La jardinière, dont chaque visiteur se rappelle la « baguette… », va devenir une référence dans le monde des jardins. La princesse a beaucoup voyagé, visité d’innombrables jardins avant de se consacrer à l’oeuvre de sa vie : le jardin Vasterival (nom emprunté au lieu-dit qui le reçoit).  Son amitié avec de fameux paysagistes-propriétaires-jardiniers, son talent de coloriste et sa grande connaissance des plantes, doublée d’une insatiabilité à « avoir la dernière plus belle et méritante … » feront  du Vastérival un lieu incontournable pour tout amateur de jardins.
« Si la princesse puise son inspiration dans la nature, « chaque plante doit «gagner» sa place et offrir un maximum d’intérêts, une floraison exceptionnelle bien sûr, mais aussi un port attrayant, un feuillage remarquable, une fructification digne d’intérêt ou encore une écorce intéressante en hiver. La botanique la passionnait, mais elle n’hésitait pas, au grand dam de ses amis botanistes, à arracher une plante rare (après s’être assurée de sa survie chez des pépiniéristes ou amis collectionneurs) si elle ne tenait pas ses promesses ou nuisait à l’harmonie ou à la beauté du jardin…
L’harmonie du jardin était son souci principal. Elle voulait pouvoir aller n’importe où, à n’importe quel moment et pouvoir se tourner dans toutes les directions pour admirer des scènes, des perspectives, des ensembles harmonieux, et ce à toutes les saisons.
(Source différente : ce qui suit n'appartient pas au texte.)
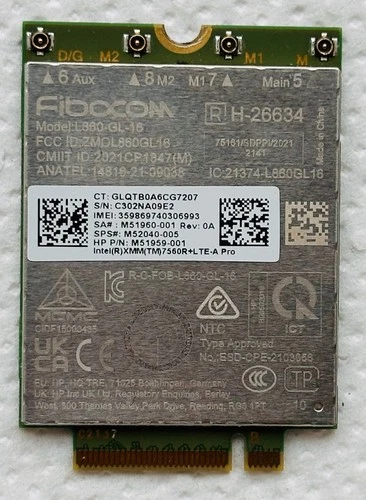 HP LTE 4G Modul Intel XMM 7560 Fibocom L860-GL-16 für EliteBook 840 G11 / ZBook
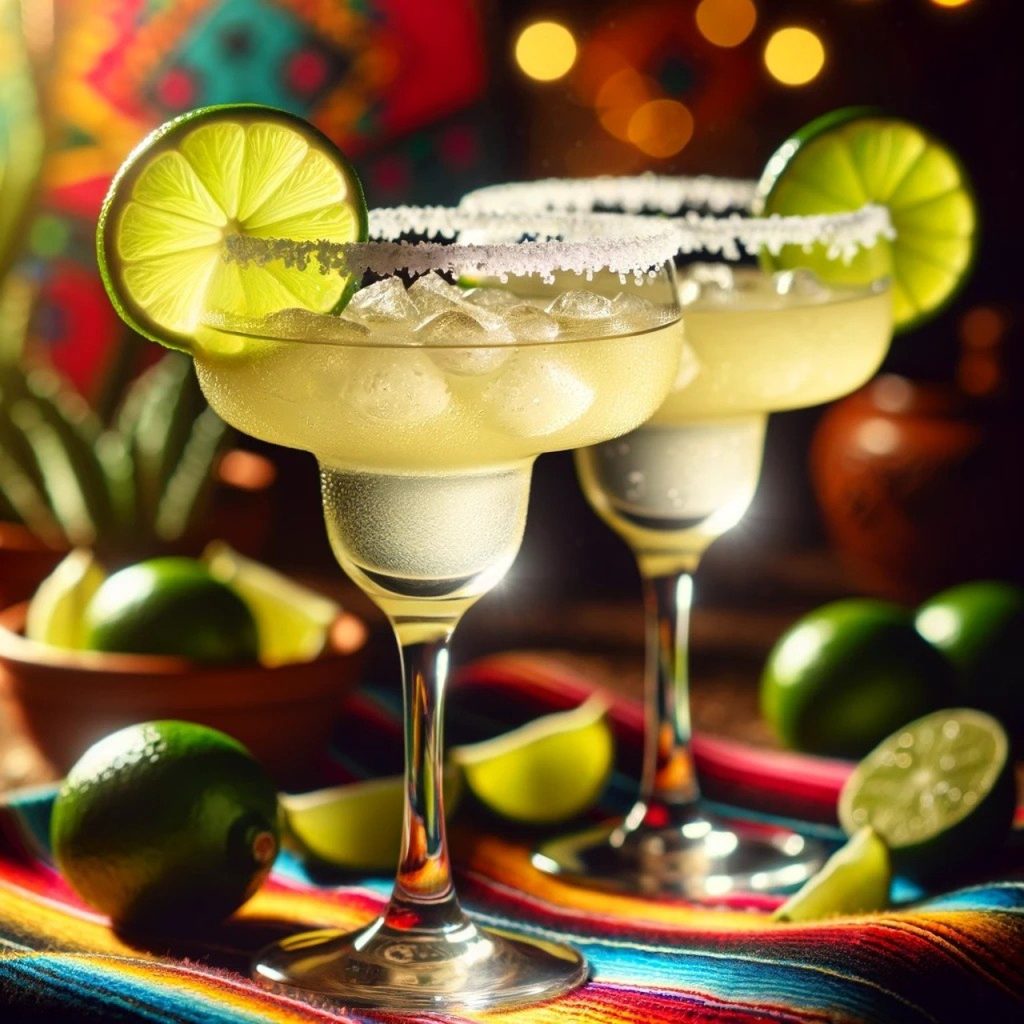 Two margarita glasses with lime twists.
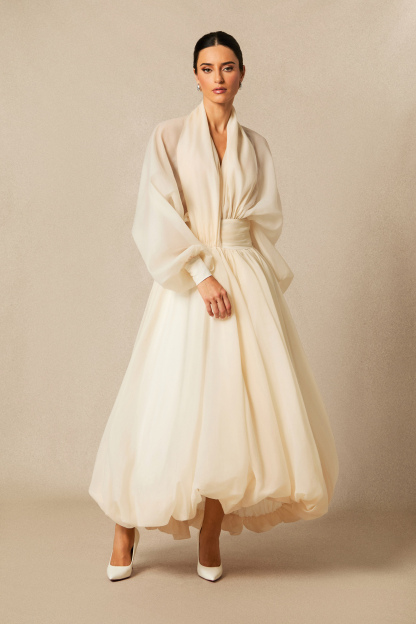 Lilly Deep V-neck Puff Sleeve Maxi Dress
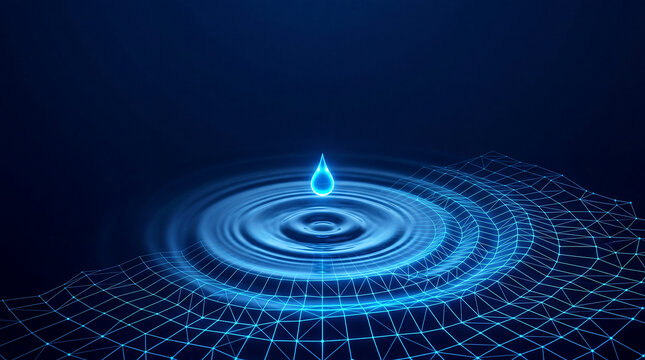 Concept of digital network showing water surface ripples morphing into glowing blue wireframe grid on dark background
La moindre feuille jaunie, ou traînant sur la pelouse, une bordure mal taillée, une branche morte ou une fleur qui fanait mal, tout ce qui pouvait heurter le regard était impitoyablement enlevé ou éliminé sur le champs. De fait, la «propreté» du Vasterival est rapidement devenue légendaire… »
Bon nombre de jardiniers actuels sont allés faire un stage « chez la princesse » qui leur enseigne deux bases essentielles de son jardinage : la plantation soignée, qui assure un bon départ dans la vie des jeunes plantes, et le mulch, qui permet de protéger le sol, de l’enrichir, de faciliter l’entretien des massifs en diminuant fortement l’installation des mauvaises herbes, mais aussi d’éviter les arrosages durant l’été.
La princesse Sturdza a quitté le monde des jardins le 30 novembre 2009, dans sa quatre-vingt-quinzième année.
Aujourd’hui, la famille fait confiance à l'équipe de jardiniers formés par la princesse ; entretien, introductions et plantations se poursuivent suivant les préceptes et les indications de la créatrice.  La taille de transparence menée sur les arbres suit ses principes, c’est Dominique Cousin qui en a la charge.
Didier Willery est aujourd’hui le responsable du jardin. « J’ai eu la grande chance de travailler ici à la fin de mes études, de côtoyer la princesse qui m’a autorisé par la suite à revenir régulièrement à faire des photos dans son jardin et de voir ainsi l’évolution permanente du jardin.
En 2006, la princesse m’a demandé de venir l’aider dans le jardin mais aussi à assurer la relève… »
Ces années ont permis à Didier Willery d’approfondir les techniques de plantation de la princesse et sa manière de penser le jardin, de rechercher et d’associer les plantes.
Il s’attache aujourd’hui à garder le jardin réellement beau et intéressant tous les jours de l’année, comme au temps de la princesse. « Toute l’année ronde » disait-elle.
Dans cette terre constamment mulchée, les plantes débordent de vitalité, les floraisons des rhododendendrons s’échelonnent de Noël à septembre ; le tableau végétal est subtilement retouché pour une excellence de floraisons, de feuillages, de fruits décoratifs, de couleurs d’automne et d’écorces hivernales.
Une appellation Great Star-Le Vasterival propose des sélections effectuées par la princesse Sturdza : Hydrangea paniculata, Cornus Kousa, Viburnum plicatum, Erica arborea et Aster.
Le jardin, Didier, l’équipe de jardiniers et ces plantes perpétuent la légende de la princesse dans le monde des jardiniers.